Even if you cut it in half I think it's way too large. I think 5000 lines are too large as well.

I don't agree with what you're saying about the API. If a module has 5+k lines and only one public function and the rest are private functions I will still think it's too large.

About the unit tests. If they take up so much of the module then move them it their own module(s). And now everyone will say that it's very useful to have the unit tests next to the function. I don't agree with that when the unit test is more then around five lines.

I will have the same problem with std.serialization/Orange if that will end up in Phobos. In Orange I'm testing one feature in one module and all modules are located in a specific directory. The shortest testing module is 54 lines. The average is probably around 70 lines. I'm not particular happy about putting all those tests in one file and even less happy about putting them next to all the regular code making those module EVEN large.

You should treat your testing code just as you treat your "regular" code. Just as well designed, just as modularized, just as effective, just as clean. The testing code is in fact just as much part of the "regular" code as the rest of the code.

-- 
/Jacob Carlborg
December 22, 2011
On 22/12/2011 03:41, Jonathan M Davis wrote:
<snip>
> http://jmdavis.github.com/d-programming-language.org/std_datetime.html

Have I got all this right?

- a flag goes from % up to another %, a {, a whitespace or punctuation character
- flags with [...] portions are exceptions to this rule, extending to the closing ]
- %{ or %} is a literal { or }
- all literal characters that aren't classed as whitespace or punctuation must be enclosed in {...}
- {%} is just a literal %
- in %C2* and %Cn* flags, C must be either _ (space) or 0


To look at the detail:

- In %nY, does "up to n" mean that it truncates years longer than that to that many characters?  Does it strip any leading 0s that result from this truncation?  (Under %3Y, does 2011 become 11 or 011?)

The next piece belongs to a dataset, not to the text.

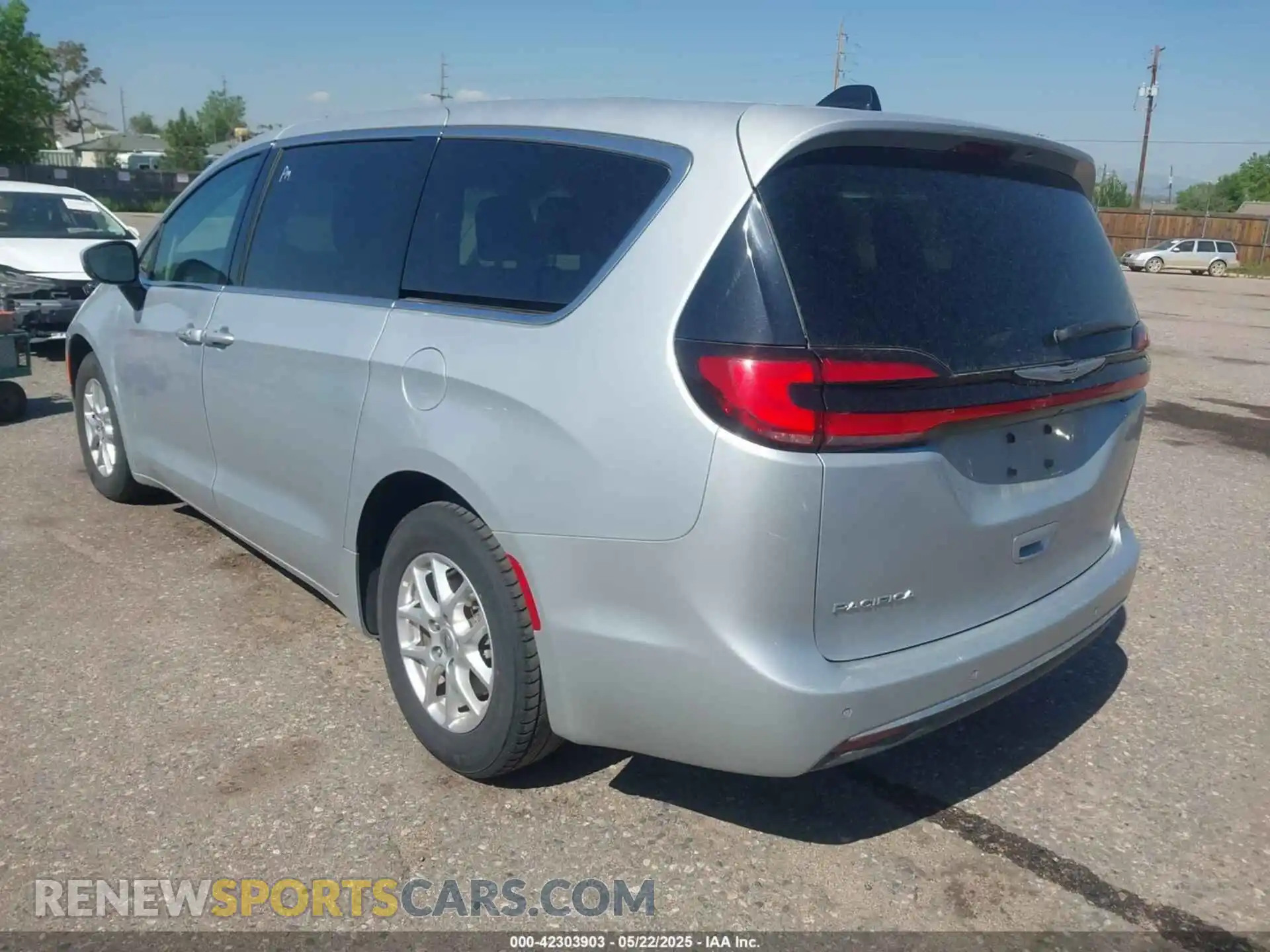 3 Photograph of a damaged car 2C4RC1BG8PR586669 CHRYSLER PACIFICA 2023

- But the approach to formatting the year is nicely systematic.  (I've thought of possibly adding to my scheme a means of formatting dates to arbitrary length with sign, in order to support the ISO format for years that may be outside the 1BC-9999 range.

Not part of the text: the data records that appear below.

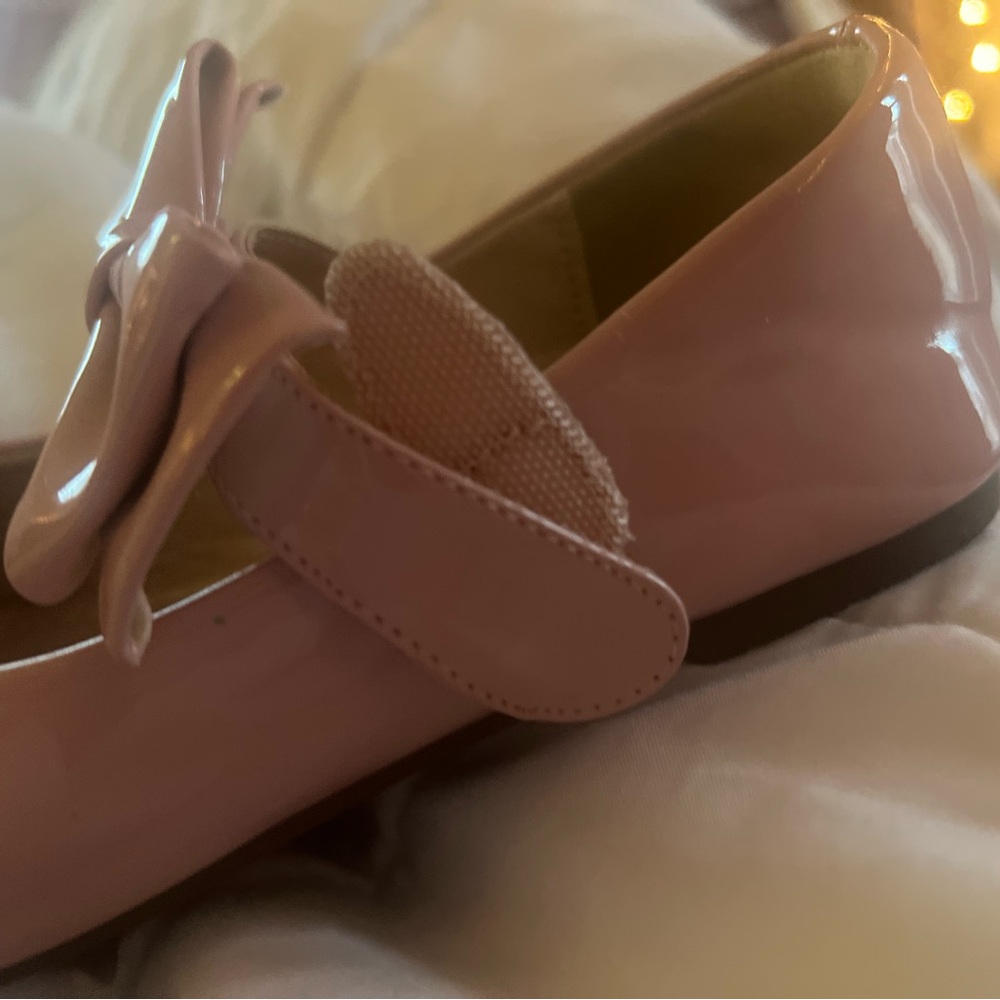 Elegant Pink Girl’s Patent Leather Mary Jane Bow Shoe. - Picture 5 of 7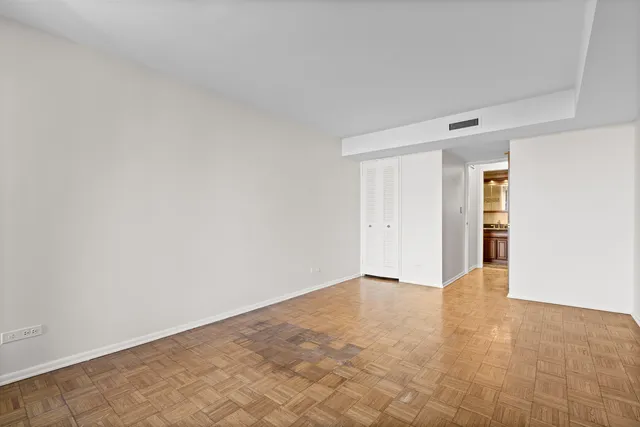 $260,000 | 201 East Chestnut Street, Unit 21C, Chicago, IL 60611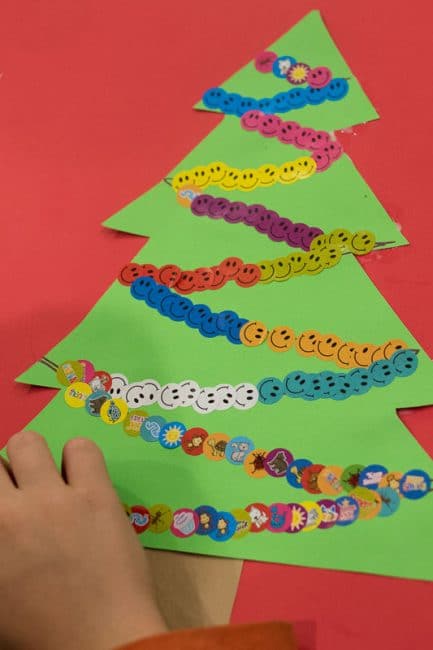 Follow the lines of garland on the Christmas tree craft 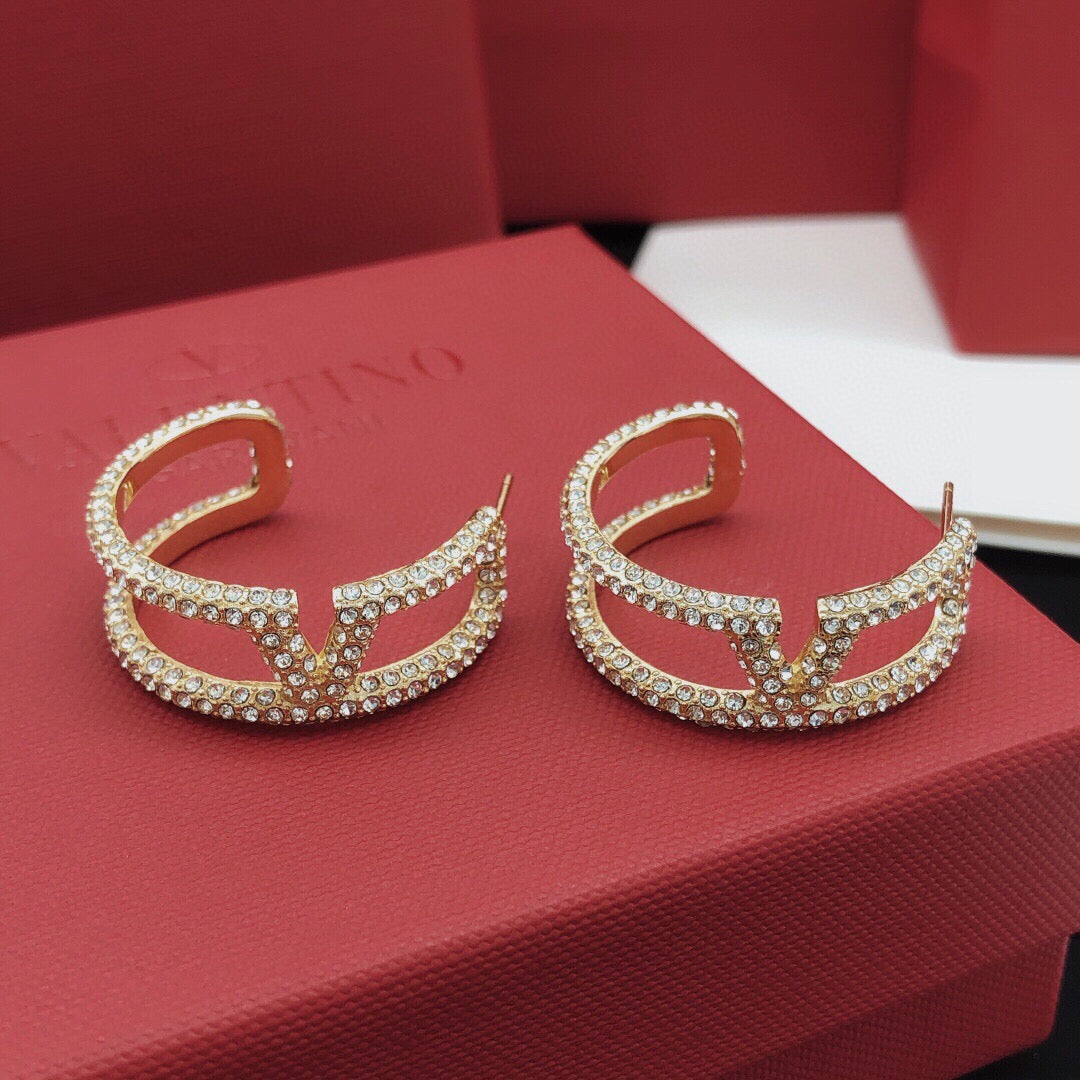 Moon Crystal-Accent Statement Earrings – Design 03 styled detail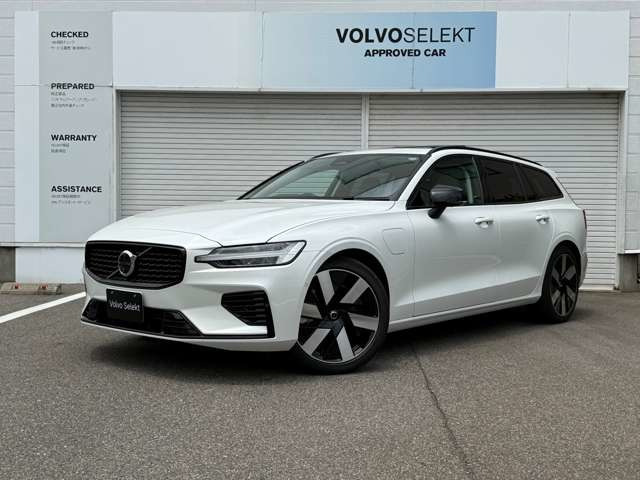 V60ウルトラ T6  AWD プラグインハイブリッド 4WD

- If you're going to have the ISO week number in the system, it seems to me you should also have the week-numbering year.  (I've thought about possibly adding these to my scheme.)

- In %F, What does "as many digits as necessary" mean?  In particular, why in the example code does it give 12/100000 and not 3/25000 despite the latter being shorter?

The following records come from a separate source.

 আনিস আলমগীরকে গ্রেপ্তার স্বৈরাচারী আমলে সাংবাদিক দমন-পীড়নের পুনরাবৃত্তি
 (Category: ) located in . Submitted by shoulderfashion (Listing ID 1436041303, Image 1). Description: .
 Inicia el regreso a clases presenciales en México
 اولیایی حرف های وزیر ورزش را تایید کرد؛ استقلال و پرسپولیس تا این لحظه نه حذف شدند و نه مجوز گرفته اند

- Can only literal stuff be included within %BC[...] and %AD[...]?

- %cond and %func - I'm made to wonder to what extent this would be used and to what extent it would just be simpler to use if / ?: / ~.  Anyway, I assume that if there's more than one, they will reference the template arguments in order.  Can %cond contain other %*[...] flags?  Indeed, can %cond's be nested to arbitrary depth?

- Does %localeDate give the short or the long date format?  (This and %localeTime are handled by separate functions in my library - I didn't think there was any real use case for including such a thing within a longer formatted date/time string.)


On the whole, it seems a powerful system.  The format strings can get quite obfuscated, but at least the flags that are likely to be commonly used aren't too bad.

It seems strange to require explicit notations both for flags and for alphanumeric literals.  But I suppose it makes the literals easier to read than having to follow where all those % signs are.

One thing I noticed doesn't appear in your scheme is ordinal suffix.  OK, so arbitrary alignment fields and collapsible portions aren't to be seen either, but those are quite rare in format string schemes anyway.

Stewart.
December 22, 2011
Walter Bright wrote:
> My first thought is that std.datetime is already very large. Few will
> need a custom date formatter, so it should be in a separate module to:
>
> 1. reduce cognitive load on the programmer
>
> 2. reduce the overhead pulled in for every program that may want to use
> an std.datetime function, but not need custom formatting

Why not just extract unittest code to separate module?